Subsidiary signs marked out the domain of the Stardust at secondary
entrances. Lacking the Desert Inn's lawn and fountain, or the Riviera's
dramatic front drive, the front of the Stardust was a parking lot with a
sign.
The Stardust also conveniently held Las Vegas' only first run
a drive-in theatre in the rear of the resort.
The Stardust took over the closed Royal Nevada, and remodeled
the showroom and made it the coliseum,/exhibition/auditorium/convention
center. A half circle was added to the Royal Nevada's roofline but the
fountain of neon tubing marking the entry was saved.
With the addition of the Royal Nevada, the Stardust boasted
1,300 rooms. An impressive archway and an elaborate Polynesian
restaurant, Aku Aku, joined the old Royal Nevada which was called
Stardust South.
In 1960, the resort added a new 4,800 square foot screen
surface to its drive-in theatre. They also installed a new speaker
system which carried practically stereophonic type sound.
By 1961, Stardust's management included Credit Manager Hy
Goldbaum, listing seven aliases, had 14 convictions, including one for
assault, and had received a three-year sentence for income tax invasion.
Casino Manager and 5% owner Johnny Drew, was a veteran associate of Al
Capone and was once fined for running a crooked dice game at an Elks
convention, and Morris Kleinman who was part of the general management
team, had served three years for tax evasion.
In 1964, the Stardust added a nine-story tower, bringing the
room count to 1,470. The Stardust was the leader in rooms until 1969
when the International opened. At this time it also remodeled its
landmark façade, expanding out into the parking lot by the highway. The
new façade raised the Stardust's name, still in electra-jag letters,
onto a pole above the exploding universe.
In 1965, a new roadside sign replaced the old circular sign
at a cost of $500,000. Its form was blurred by a scatter of star shapes,
a shower of stardust.
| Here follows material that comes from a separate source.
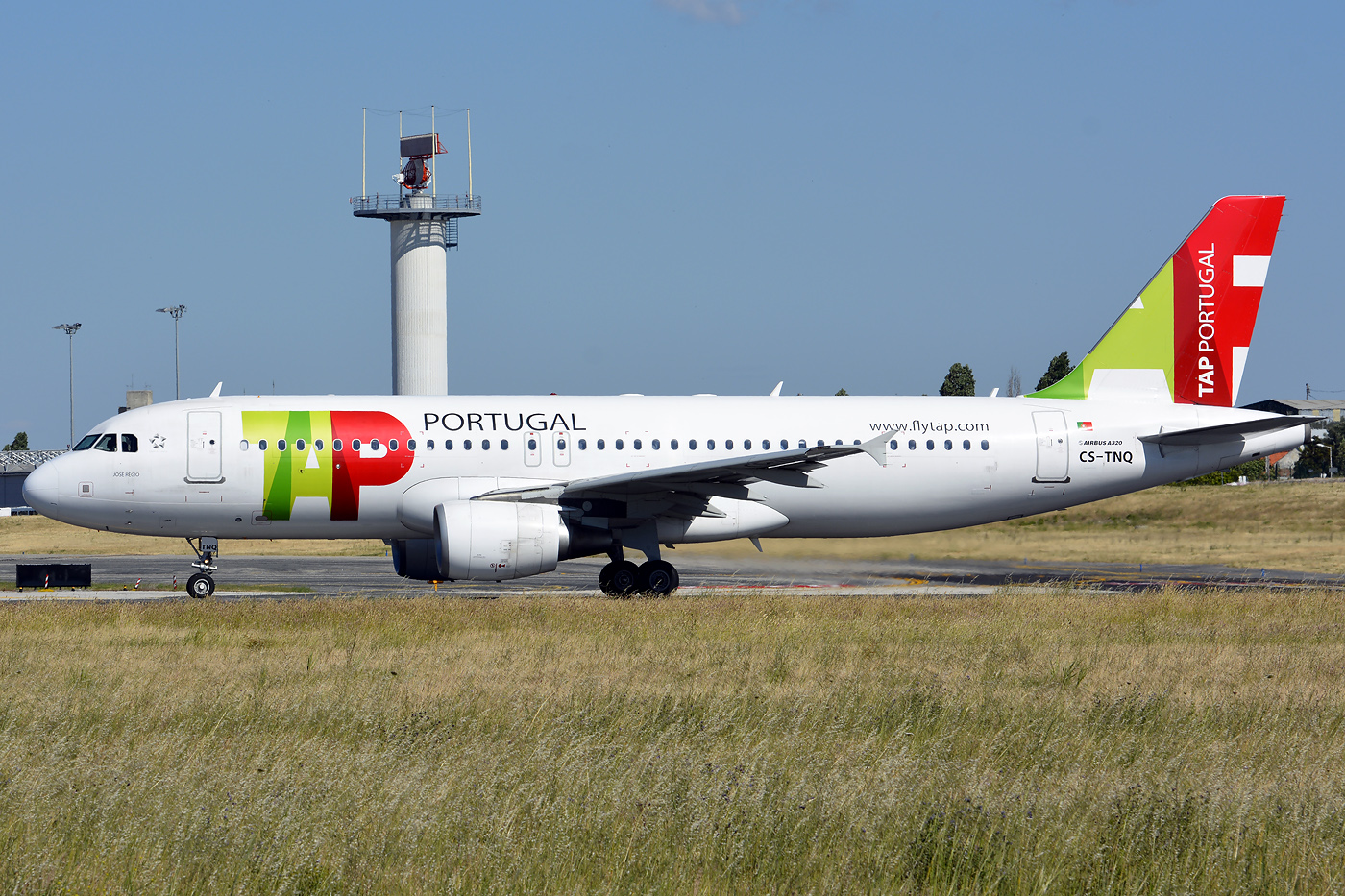 CS-TNQ (3769) 2009 Airbus A320-214
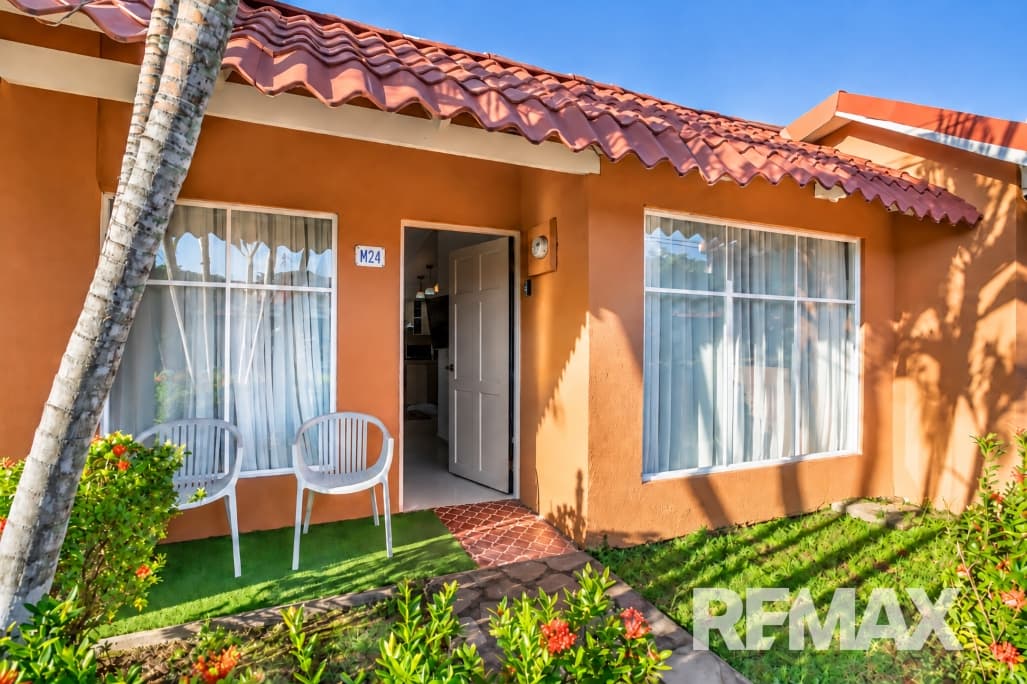 Newly Remodeled Beach Condo | Prime Rental Investment, photo 23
At night, incorporating neon and incandescent
bulbs in the animation sequence, light fell from the stars, sprinkling
from the top of the 188 foot tall sign down over the Stardust name,
igniting a frenzy and then snowing down onto the fortunate people below.
In 1966, Howard Hughes attempted to buy the Stardust for
$30.5 million but the antitrust division blocked his takeover on the
grounds that his acquisition of any more gambling resorts might violate
the Sherman Antitrust Act.
In November of 1969, Parvin-Dohrmann Corporation purchased
the Stardust for an undisclosed amount.
In 1977, the Stardust went through another remodeling. The
galactic theme was abandoned, though the roadside sign remained, and the
façade was covered with animated neon tubing and trimmed with mirrored
finish facets. The new porte cochere sparkled with 1,000 small
incandescent bulbs. The encrustation of bulbs turned solid mass into
ethereal form.
In 1984, Nevada Gaming Commission gave the highest fine ever
issued in Nevada with the $3 million fine against the resort for
skimming.
Suspicions, accusations and controversy about the Stardust's
mob owners over the years were finally squelched when Sam Boyd purchased
the Stardust in March of 1985.
In 1991, a subdued Helvetica typeface replaced the Stardust
sign's Jetsonian lettering. The oasis accented by fountains of neon has
become a walled city of red, blue, and green tower illuminated by
spotlight.
Now the Stardust contains 100,000 square feet of gambling
casino including 73 gaming tables, and 1,950 slot, keno and video poker
machines.
As the last resort built in the 50s, it has updated itself
costing $300 million to include 2,100 guest rooms and two landscaped
swimming pools, golf, and an athletic facilities.
The conference center is now 25,000 square feet and can
accommodate meetings and banquets for groups of 25 to 2,000.
Lido de Paris was replaced in 1992 with Enter the Night which
closed in 1999.
In October of 1999, 57 year old Wayne Newton signed the
biggest entertainment deal in Las Vegas history performing exclusively
at the Stardust 40 weeks per year at approximately $25 million per in
the 920-seat Stardust Theater, renamed the Wayne Newton Theater.